Research

Ongoing projects in the Carpenter Lab:

Longitudinal analysis of pancreatic cancer patients to elucidate tumor evolution across time

Through our collaboration with our advanced endoscopists here at Michigan Medicine, we leverage endoscopic fine needle biopsies to study tumors before and after cancer treatment to identify mechanisms of cell death escape and chemoresistance.

Leveraging spatial transcriptomics to parse the progression of mucinous cystic neoplasms to malignancy

Mucinous cystic neoplasms remain the only identifiable precursor lesion to pancreatic cancer.  Unfortunately, there are limited tests that can help determine which lesions will progress to malignancy.  We are leveraging spatial transcriptomics to elucidate the mechanisms that causes these cysts to transform to cancer.  Our goal is to identify better biomarkers to help decide which cysts have malignant potential and should be surgically resected.

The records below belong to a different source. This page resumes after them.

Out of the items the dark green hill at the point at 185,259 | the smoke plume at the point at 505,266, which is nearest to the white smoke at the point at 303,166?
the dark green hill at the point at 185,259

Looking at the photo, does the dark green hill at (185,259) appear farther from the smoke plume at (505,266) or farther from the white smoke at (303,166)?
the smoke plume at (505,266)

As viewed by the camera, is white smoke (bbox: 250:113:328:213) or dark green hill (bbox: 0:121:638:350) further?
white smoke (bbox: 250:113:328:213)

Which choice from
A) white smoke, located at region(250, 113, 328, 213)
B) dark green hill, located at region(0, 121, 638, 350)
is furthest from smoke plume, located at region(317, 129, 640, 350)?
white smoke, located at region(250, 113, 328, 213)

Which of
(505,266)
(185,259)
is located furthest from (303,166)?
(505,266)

Utilizing endoscopic biospecimens to develop patient-derived in vitro cultures for functional studies including drug testing and cell-cell crosstalk.

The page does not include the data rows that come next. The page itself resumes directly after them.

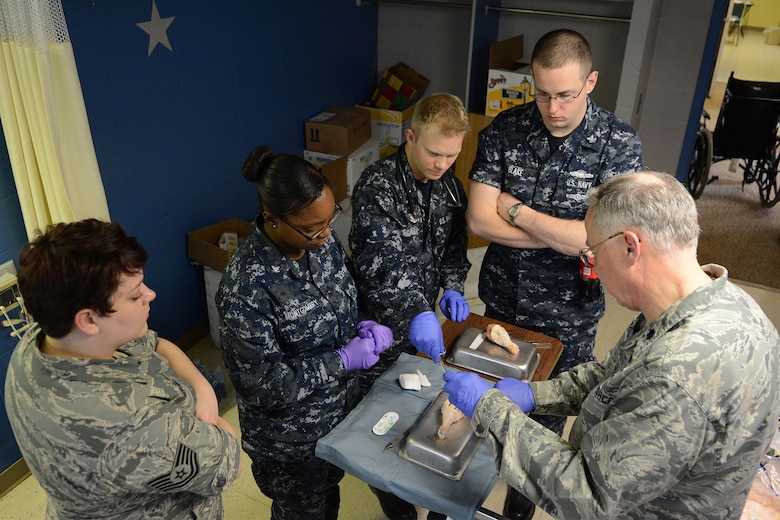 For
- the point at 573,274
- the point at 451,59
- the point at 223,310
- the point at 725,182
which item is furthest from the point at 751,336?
the point at 725,182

Historically, pancreatic cancer studies relied on surgically resected specimens, limiting the study of human disease to only resectable stages.  We have optimized a pipeline for generating organoids and fibroblast cultures from endoscopic fine needle biopsies of pancreatic tumors, allowing us to study all stages of the disease.  We utilize these in vitro cultures to help us better understand the molecular pathways underlying this dismal disease to identify better targets for therapies.